Friday, March 31, 2006

Reorganization Addiction

Is your organization addicted to reorganization?

Do you re-org about once a year?

Do you do it with the intention that it will solve all kinds of problems?

Do you find yourself thinking of the next re-org as inevitable?

So do I.

Hi. My name is Bruce and I’m a re-org addict.

Re-orgs suck.

  • Reorganizing is disruptive to work in progress
  • Reorganizing lowers employee morale
  • Reorganizing lowers productivity
  • Reorganizing incurs a bunch of direct costs (e.g. office moves)
  • Reorganizing always seems like a good idea at the time


I think that most reorganization can be avoided with diligent long-term planning and discipline.

Having been through several major re-orgs, I have noticed that it is true, “The seeds of the next re-org are planted in the current one.” There is an attitude that extends all the way into upper management that if you “just wait a year, another re-org will happen”. As if re-orgs were a fact of life; like the weather. I think that this is primarily the result of a lack of forward planning and looking beyond the next 6-12 months to see how each of the organization decisions made today (often for expedient, short-term reasons) play out in the long run. Of course it is hard to do that when you know that the next re-org is only a year away… and around we go.

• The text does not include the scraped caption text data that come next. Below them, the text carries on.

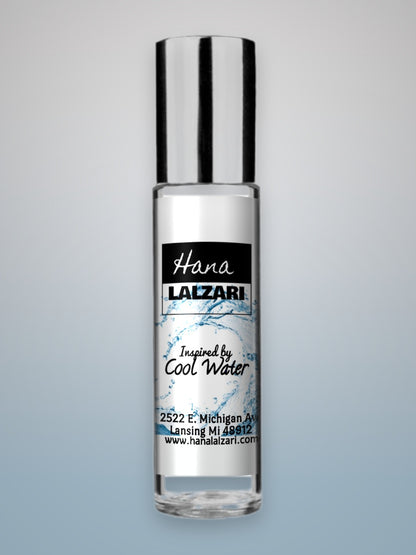 Luxuriously Inspired by Cool Water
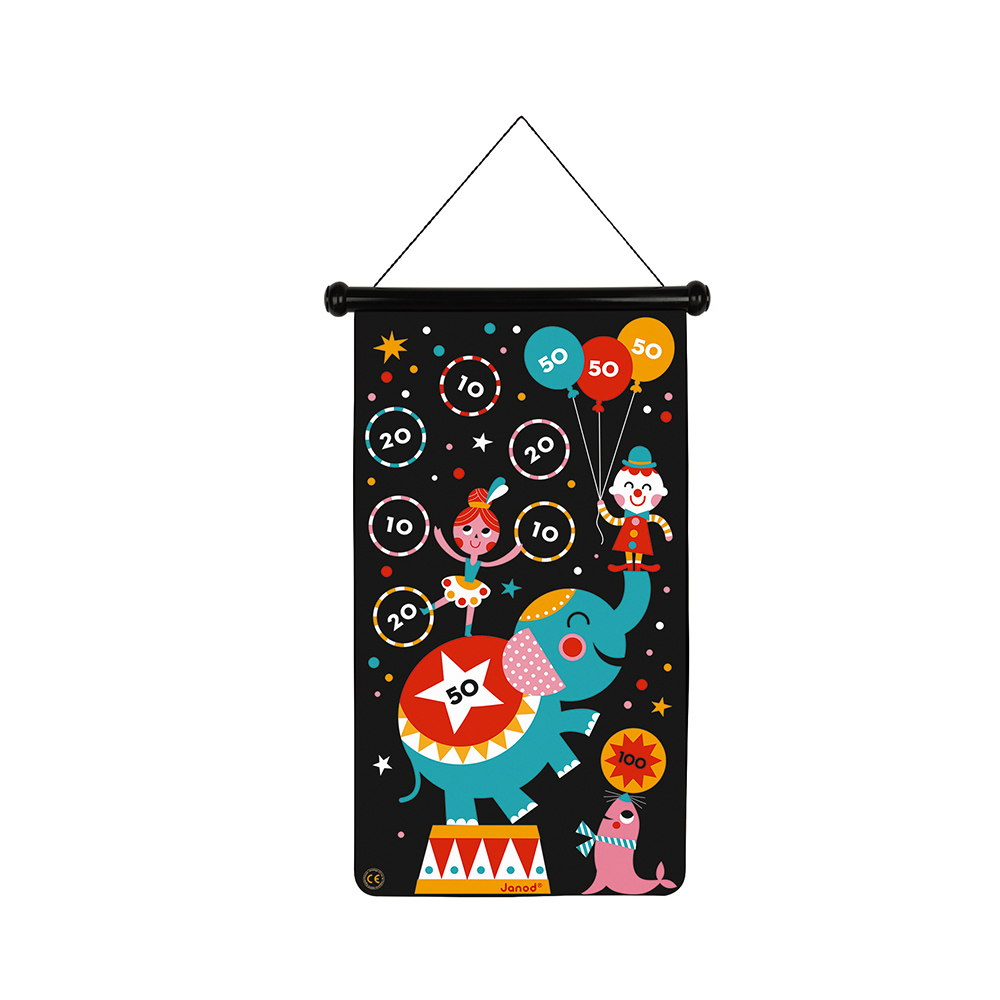 JEU DE FLECHETTES MAGNETIQUES - CIRQUE – Image 3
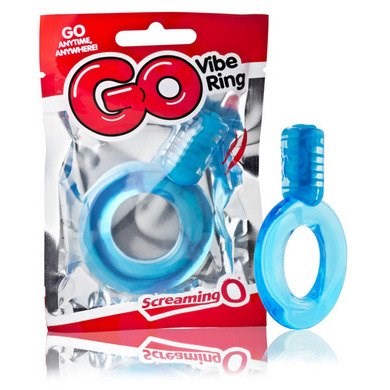 GO Vibe Couples Vibrating Cock Ring by Screaming O - Vibrating Cock Rings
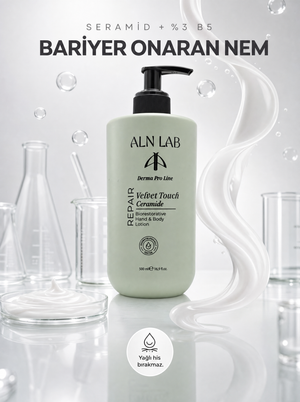 Velvet Touch Ceramide El & Vücut Losyonu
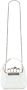 Alexander McQueen The Jewelled Hobo leren mini tas Wit - Thumbnail 5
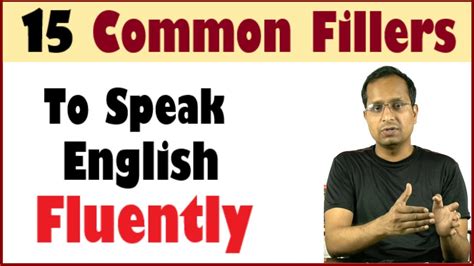 15 Fillers To Speak English Confidently Gap Fillers Very Useful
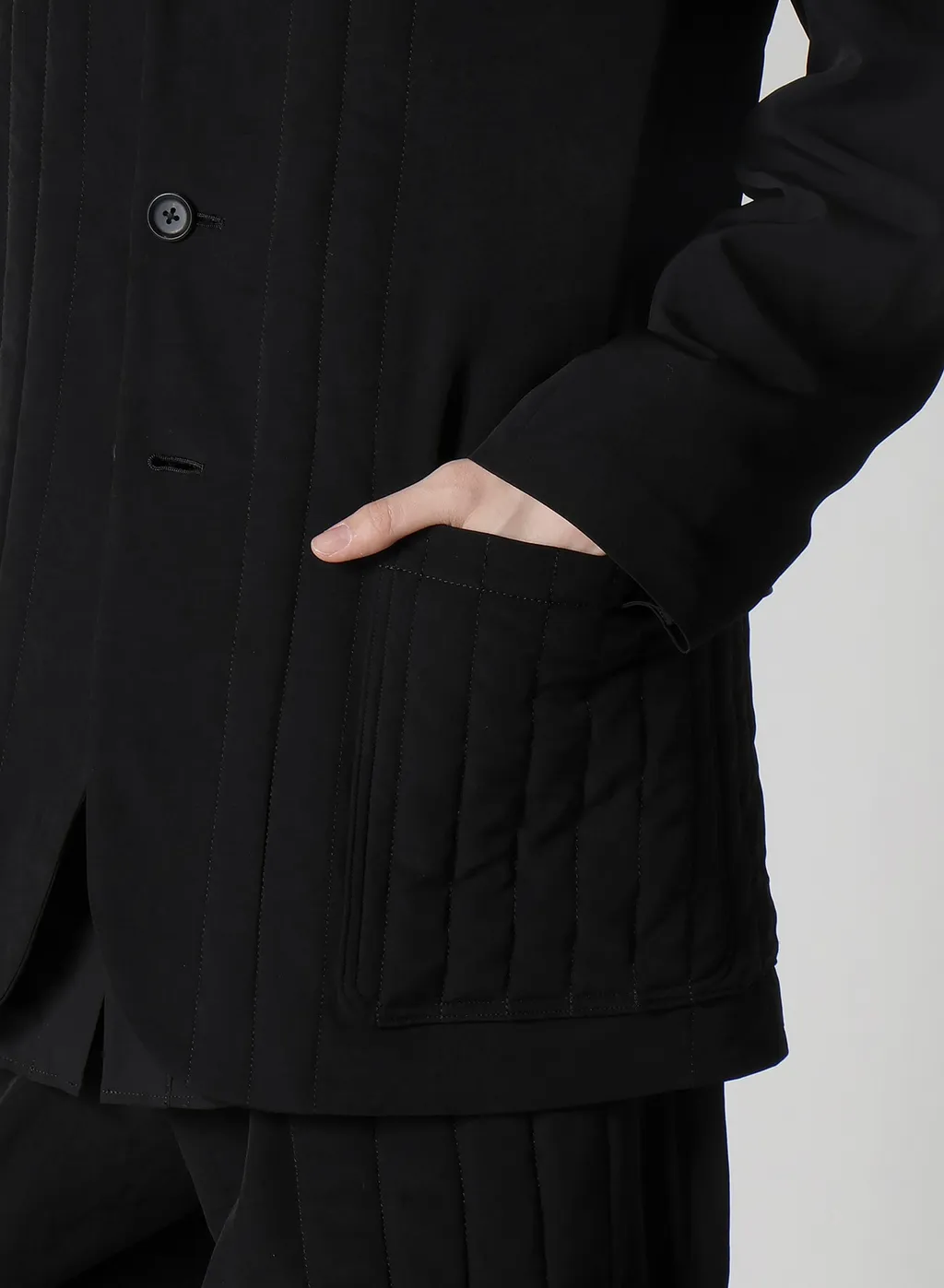 Ta Tuxedo Hooded Padded Jacket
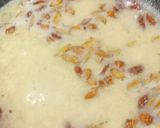 A picture of step 4 of Strawberry Halwa.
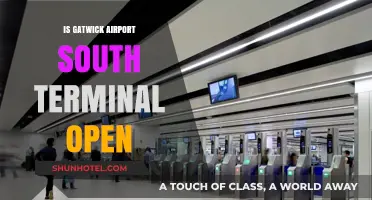 Is Gatwick Airport South Terminal Open? Current Status and Updates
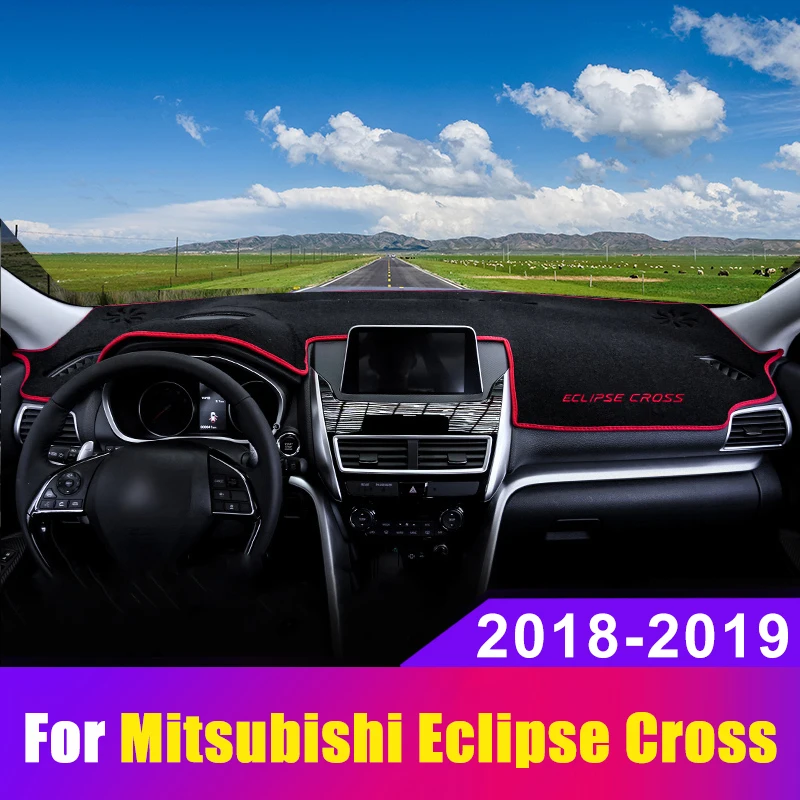 Коврик для приборной панели Mitsubishi Eclipse Cross 2017 2018 2019 2020|Лепнина интерьера| |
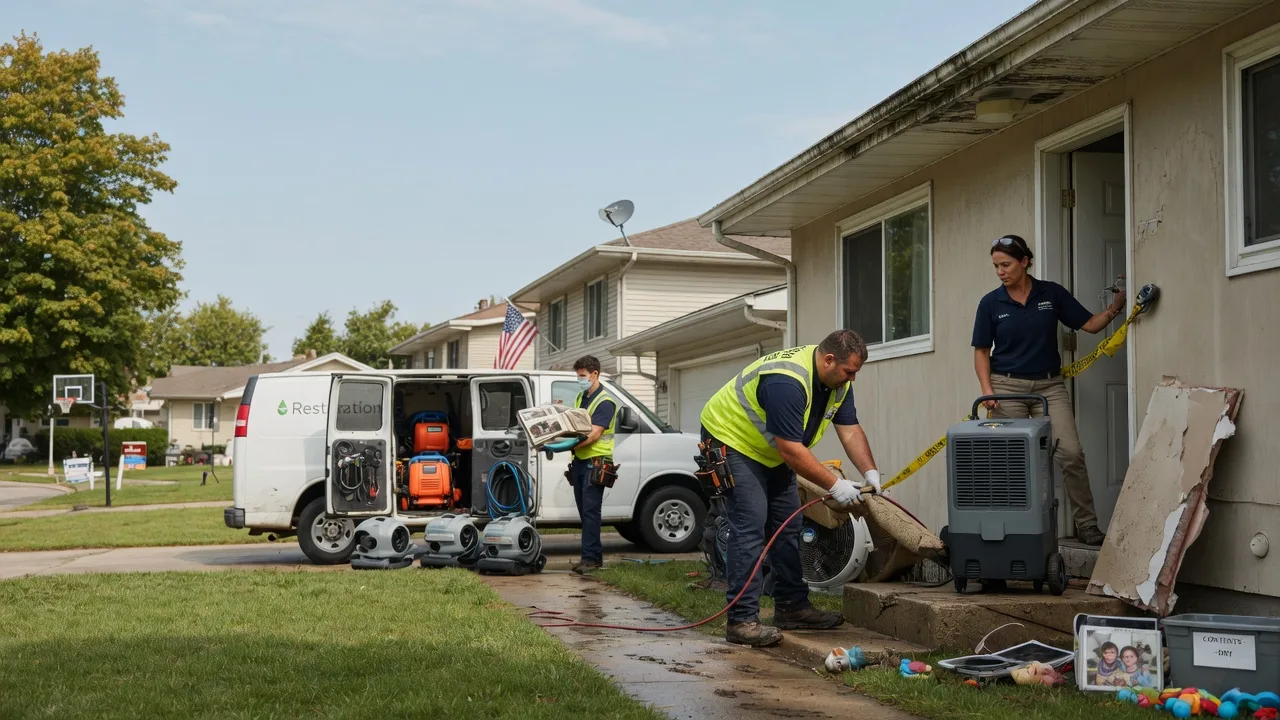 Water Damage Restoration in Choudrant, LA near me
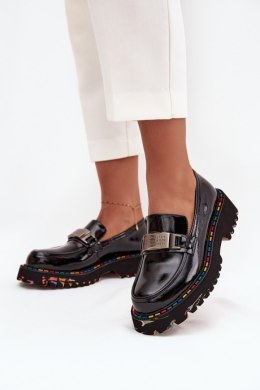 Mokasyny Model Artiker 57C0070 Black - Step in style Step in style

I think that the majority of re-orgs are the direct result of the failure of leadership to make long-term plans and stick to them. By failing to do this planning, by failing to look beyond the immediate problems and short-term solutions to those problems, they lay the foundation of the next crisis. They get locked in an endless cycle of organizational firefighting. You can tell that these re-orgs don’t really solve any fundamental underlying problems since you just have another one falling on the heels of the first (or the fifteenth depending on how long you’ve been at the company).

In principle I think you can avoid this.

I think that the way out of this is the same way the founding fathers got America out of the revolution game. You need to make small predictable revolutions a way of life. Bake them into your planning. Just don’t try to do the whole thing at one big shot. The founding fathers chose every four years (two if you’re a member of the House of Representatives, six if you're a senator) as the time scale for mini-revolutions. You can do something similar.

Maybe you need to set the leaders of your current teams down in a room and ask them, “What do we want our organization to look like and act like in 2-3 years time?” Once you can get them past the “it doesn’t matter what I think since they’ll only reorganize us” phase you can start doing some real mid-term strategic planning for your organization. Write the plan down! At the same time that you generate the plan, schedule a 3-6 month checkpoint and (here’s the hard part) hold yourself to it. Then at the checkpoint, review the plan. Make any tweaks you need to and schedule another 3-6 month checkpoint.

This is really a question of discipline. Organizations need to change and grow as the business changes and the staff changes. But they tend to handle it in the way that earthquake faults handle the movement of the tectonic plates, they store up the stress until there’s a seismic event and all hell breaks loose. But by making small, predictable adjustments as there is change I think you can avoid this kind of grief.

Yes, I have a re-org problem. But at least I admit it.